▼

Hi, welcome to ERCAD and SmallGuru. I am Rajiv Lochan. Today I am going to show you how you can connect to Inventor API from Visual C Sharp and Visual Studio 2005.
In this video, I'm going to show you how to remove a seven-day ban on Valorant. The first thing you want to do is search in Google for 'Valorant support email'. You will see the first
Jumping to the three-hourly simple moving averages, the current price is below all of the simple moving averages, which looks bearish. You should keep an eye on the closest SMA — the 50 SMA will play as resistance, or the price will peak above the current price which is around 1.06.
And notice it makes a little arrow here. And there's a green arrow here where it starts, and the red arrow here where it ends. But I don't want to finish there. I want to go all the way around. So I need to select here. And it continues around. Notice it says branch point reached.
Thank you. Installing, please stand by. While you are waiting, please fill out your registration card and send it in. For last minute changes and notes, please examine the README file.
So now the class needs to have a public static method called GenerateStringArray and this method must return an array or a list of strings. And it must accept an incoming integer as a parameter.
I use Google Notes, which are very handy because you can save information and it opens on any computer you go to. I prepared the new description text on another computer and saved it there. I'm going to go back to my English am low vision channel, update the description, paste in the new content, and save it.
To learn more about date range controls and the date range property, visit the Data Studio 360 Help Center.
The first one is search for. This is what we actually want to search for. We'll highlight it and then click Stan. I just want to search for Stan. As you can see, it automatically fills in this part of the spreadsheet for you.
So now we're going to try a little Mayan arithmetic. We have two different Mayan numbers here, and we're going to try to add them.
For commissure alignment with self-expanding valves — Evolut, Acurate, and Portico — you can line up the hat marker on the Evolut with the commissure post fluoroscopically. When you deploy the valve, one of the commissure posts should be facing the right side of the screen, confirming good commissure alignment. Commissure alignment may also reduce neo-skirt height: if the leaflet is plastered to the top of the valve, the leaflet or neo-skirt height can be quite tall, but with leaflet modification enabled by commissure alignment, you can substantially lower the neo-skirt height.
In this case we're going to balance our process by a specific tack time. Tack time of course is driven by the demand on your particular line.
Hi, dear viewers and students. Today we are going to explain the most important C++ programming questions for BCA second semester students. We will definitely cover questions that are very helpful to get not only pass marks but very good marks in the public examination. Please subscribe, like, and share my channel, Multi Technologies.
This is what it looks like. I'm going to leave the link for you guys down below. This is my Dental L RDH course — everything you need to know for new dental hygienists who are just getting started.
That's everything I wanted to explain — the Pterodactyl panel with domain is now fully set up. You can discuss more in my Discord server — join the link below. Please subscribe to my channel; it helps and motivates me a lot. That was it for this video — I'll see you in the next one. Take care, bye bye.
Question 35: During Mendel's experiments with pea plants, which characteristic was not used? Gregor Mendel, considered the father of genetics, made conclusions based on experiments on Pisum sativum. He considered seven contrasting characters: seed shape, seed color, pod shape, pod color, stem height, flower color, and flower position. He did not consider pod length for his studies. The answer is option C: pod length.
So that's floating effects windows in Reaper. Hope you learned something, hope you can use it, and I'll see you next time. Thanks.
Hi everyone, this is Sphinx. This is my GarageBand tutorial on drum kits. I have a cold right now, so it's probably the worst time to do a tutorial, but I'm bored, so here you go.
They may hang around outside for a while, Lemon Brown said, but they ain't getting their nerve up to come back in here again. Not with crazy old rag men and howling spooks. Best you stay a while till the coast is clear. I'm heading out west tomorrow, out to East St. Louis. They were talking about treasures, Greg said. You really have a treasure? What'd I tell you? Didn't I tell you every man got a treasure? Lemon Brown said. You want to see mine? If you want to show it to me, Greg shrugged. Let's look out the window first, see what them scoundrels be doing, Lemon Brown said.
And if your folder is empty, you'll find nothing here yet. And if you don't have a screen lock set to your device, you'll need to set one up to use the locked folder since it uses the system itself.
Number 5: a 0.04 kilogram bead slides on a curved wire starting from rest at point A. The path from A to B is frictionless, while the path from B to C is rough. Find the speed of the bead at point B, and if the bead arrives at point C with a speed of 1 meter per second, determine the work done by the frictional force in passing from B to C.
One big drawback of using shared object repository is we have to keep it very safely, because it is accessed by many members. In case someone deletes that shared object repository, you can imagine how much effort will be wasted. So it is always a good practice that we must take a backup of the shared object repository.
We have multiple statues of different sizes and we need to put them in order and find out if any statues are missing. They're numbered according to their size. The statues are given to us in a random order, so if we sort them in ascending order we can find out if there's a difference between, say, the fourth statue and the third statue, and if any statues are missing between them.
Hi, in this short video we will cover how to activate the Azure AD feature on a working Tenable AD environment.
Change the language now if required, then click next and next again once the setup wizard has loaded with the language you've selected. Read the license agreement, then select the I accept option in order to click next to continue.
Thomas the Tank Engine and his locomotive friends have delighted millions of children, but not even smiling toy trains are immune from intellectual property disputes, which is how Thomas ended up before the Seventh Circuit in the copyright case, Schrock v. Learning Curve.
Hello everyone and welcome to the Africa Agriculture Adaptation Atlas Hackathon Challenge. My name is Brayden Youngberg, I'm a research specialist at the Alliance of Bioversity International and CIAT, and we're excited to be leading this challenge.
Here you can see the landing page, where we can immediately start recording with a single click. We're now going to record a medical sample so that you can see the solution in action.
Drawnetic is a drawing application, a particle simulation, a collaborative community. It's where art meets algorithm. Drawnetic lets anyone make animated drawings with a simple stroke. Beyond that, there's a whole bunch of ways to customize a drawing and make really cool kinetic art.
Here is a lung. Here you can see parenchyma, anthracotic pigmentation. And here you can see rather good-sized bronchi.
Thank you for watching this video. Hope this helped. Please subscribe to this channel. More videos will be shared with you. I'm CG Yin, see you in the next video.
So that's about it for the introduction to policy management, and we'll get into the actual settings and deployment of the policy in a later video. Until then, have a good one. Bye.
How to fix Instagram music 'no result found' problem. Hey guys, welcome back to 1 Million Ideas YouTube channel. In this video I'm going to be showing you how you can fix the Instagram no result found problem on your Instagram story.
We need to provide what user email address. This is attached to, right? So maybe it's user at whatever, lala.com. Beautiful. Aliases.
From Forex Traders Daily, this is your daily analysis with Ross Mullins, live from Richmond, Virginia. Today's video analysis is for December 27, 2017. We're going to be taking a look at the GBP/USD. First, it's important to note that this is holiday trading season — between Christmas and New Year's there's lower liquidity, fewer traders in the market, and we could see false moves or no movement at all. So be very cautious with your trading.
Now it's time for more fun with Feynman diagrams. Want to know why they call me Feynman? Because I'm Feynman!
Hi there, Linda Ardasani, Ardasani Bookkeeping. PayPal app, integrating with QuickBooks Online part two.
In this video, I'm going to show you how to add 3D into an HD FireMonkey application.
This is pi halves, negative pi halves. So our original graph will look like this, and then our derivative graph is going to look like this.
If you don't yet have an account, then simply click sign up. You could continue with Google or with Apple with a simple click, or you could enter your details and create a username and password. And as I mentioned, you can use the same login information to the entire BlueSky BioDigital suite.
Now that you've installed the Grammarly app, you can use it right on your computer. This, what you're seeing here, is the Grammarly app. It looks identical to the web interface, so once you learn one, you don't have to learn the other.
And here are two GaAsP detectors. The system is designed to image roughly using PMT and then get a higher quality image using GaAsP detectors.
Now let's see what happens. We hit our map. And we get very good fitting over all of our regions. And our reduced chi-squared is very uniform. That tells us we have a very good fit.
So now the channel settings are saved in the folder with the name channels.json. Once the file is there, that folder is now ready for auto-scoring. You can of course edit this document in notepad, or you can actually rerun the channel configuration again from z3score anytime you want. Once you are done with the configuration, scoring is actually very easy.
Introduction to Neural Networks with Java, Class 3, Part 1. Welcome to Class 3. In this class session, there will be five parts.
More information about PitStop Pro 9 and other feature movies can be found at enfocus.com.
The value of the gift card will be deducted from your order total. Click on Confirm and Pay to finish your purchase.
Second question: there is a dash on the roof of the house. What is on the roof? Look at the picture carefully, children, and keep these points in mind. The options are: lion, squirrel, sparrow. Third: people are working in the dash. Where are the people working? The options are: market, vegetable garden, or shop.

▲

**PROBLEM**. Report how many lines of the records hold the word "order", and supply no other text.

**WORKED SOLUTION**. 3